* [WHAT THIS TASK INVOLVES]
The full listing below is to be written out exactly.

==== STUDY MATERIAL ====

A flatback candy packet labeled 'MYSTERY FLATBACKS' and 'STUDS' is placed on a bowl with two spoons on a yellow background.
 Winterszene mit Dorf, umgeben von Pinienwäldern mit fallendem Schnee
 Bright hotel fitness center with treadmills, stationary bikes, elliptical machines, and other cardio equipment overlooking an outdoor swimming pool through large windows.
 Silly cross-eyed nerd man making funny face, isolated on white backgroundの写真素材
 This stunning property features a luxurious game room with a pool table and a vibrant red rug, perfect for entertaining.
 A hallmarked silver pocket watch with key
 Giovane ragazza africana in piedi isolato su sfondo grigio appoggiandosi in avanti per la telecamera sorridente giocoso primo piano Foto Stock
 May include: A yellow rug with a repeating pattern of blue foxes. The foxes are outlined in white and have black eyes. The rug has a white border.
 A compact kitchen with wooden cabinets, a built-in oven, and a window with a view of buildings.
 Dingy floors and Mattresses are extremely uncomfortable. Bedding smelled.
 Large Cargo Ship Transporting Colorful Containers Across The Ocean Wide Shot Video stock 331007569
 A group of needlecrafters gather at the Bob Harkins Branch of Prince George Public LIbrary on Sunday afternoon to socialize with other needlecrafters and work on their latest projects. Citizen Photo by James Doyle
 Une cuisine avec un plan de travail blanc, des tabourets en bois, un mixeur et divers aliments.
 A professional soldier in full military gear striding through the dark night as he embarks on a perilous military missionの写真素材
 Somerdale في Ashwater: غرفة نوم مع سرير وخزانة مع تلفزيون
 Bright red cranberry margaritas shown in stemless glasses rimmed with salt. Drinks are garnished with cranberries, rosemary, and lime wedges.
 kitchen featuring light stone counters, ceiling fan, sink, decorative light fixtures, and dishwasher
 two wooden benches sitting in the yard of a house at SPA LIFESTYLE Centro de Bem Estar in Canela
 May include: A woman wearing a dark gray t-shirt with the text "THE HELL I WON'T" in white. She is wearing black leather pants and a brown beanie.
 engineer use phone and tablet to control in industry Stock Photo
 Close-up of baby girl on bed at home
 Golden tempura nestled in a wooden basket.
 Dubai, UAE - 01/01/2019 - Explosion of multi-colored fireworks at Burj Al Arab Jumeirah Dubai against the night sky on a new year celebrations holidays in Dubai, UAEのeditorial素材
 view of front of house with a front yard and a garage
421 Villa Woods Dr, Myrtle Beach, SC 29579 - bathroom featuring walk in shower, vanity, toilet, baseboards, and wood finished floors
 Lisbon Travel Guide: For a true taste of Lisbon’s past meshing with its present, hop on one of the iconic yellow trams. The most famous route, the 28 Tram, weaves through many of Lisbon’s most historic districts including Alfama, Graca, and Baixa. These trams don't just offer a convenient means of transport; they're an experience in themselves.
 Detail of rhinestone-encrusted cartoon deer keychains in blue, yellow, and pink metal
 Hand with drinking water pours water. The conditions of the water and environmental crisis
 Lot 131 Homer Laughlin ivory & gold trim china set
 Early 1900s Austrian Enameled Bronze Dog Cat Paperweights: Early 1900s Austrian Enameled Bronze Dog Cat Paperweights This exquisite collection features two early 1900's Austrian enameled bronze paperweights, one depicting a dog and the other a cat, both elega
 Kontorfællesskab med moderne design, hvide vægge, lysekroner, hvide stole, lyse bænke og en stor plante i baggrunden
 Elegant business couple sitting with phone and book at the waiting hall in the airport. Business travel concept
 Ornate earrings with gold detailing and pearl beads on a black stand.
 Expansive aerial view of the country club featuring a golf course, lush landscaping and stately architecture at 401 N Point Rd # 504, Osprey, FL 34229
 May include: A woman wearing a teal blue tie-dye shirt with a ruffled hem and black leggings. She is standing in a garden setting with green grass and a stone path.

====

* [EXERCISE SOLUTION]
A flatback candy packet labeled 'MYSTERY FLATBACKS' and 'STUDS' is placed on a bowl with two spoons on a yellow background.
 Winterszene mit Dorf, umgeben von Pinienwäldern mit fallendem Schnee
 Bright hotel fitness center with treadmills, stationary bikes, elliptical machines, and other cardio equipment overlooking an outdoor swimming pool through large windows.
 Silly cross-eyed nerd man making funny face, isolated on white backgroundの写真素材
 This stunning property features a luxurious game room with a pool table and a vibrant red rug, perfect for entertaining.
 A hallmarked silver pocket watch with key
 Giovane ragazza africana in piedi isolato su sfondo grigio appoggiandosi in avanti per la telecamera sorridente giocoso primo piano Foto Stock
 May include: A yellow rug with a repeating pattern of blue foxes. The foxes are outlined in white and have black eyes. The rug has a white border.
 A compact kitchen with wooden cabinets, a built-in oven, and a window with a view of buildings.
 Dingy floors and Mattresses are extremely uncomfortable. Bedding smelled.
 Large Cargo Ship Transporting Colorful Containers Across The Ocean Wide Shot Video stock 331007569
 A group of needlecrafters gather at the Bob Harkins Branch of Prince George Public LIbrary on Sunday afternoon to socialize with other needlecrafters and work on their latest projects. Citizen Photo by James Doyle
 Une cuisine avec un plan de travail blanc, des tabourets en bois, un mixeur et divers aliments.
 A professional soldier in full military gear striding through the dark night as he embarks on a perilous military missionの写真素材
 Somerdale في Ashwater: غرفة نوم مع سرير وخزانة مع تلفزيون
 Bright red cranberry margaritas shown in stemless glasses rimmed with salt. Drinks are garnished with cranberries, rosemary, and lime wedges.
 kitchen featuring light stone counters, ceiling fan, sink, decorative light fixtures, and dishwasher
 two wooden benches sitting in the yard of a house at SPA LIFESTYLE Centro de Bem Estar in Canela
 May include: A woman wearing a dark gray t-shirt with the text "THE HELL I WON'T" in white. She is wearing black leather pants and a brown beanie.
 engineer use phone and tablet to control in industry Stock Photo
 Close-up of baby girl on bed at home
 Golden tempura nestled in a wooden basket.
 Dubai, UAE - 01/01/2019 - Explosion of multi-colored fireworks at Burj Al Arab Jumeirah Dubai against the night sky on a new year celebrations holidays in Dubai, UAEのeditorial素材
 view of front of house with a front yard and a garage
421 Villa Woods Dr, Myrtle Beach, SC 29579 - bathroom featuring walk in shower, vanity, toilet, baseboards, and wood finished floors
 Lisbon Travel Guide: For a true taste of Lisbon’s past meshing with its present, hop on one of the iconic yellow trams. The most famous route, the 28 Tram, weaves through many of Lisbon’s most historic districts including Alfama, Graca, and Baixa. These trams don't just offer a convenient means of transport; they're an experience in themselves.
 Detail of rhinestone-encrusted cartoon deer keychains in blue, yellow, and pink metal
 Hand with drinking water pours water. The conditions of the water and environmental crisis
 Lot 131 Homer Laughlin ivory & gold trim china set
 Early 1900s Austrian Enameled Bronze Dog Cat Paperweights: Early 1900s Austrian Enameled Bronze Dog Cat Paperweights This exquisite collection features two early 1900's Austrian enameled bronze paperweights, one depicting a dog and the other a cat, both elega
 Kontorfællesskab med moderne design, hvide vægge, lysekroner, hvide stole, lyse bænke og en stor plante i baggrunden
 Elegant business couple sitting with phone and book at the waiting hall in the airport. Business travel concept
 Ornate earrings with gold detailing and pearl beads on a black stand.
 Expansive aerial view of the country club featuring a golf course, lush landscaping and stately architecture at 401 N Point Rd # 504, Osprey, FL 34229
 May include: A woman wearing a teal blue tie-dye shirt with a ruffled hem and black leggings. She is standing in a garden setting with green grass and a stone path.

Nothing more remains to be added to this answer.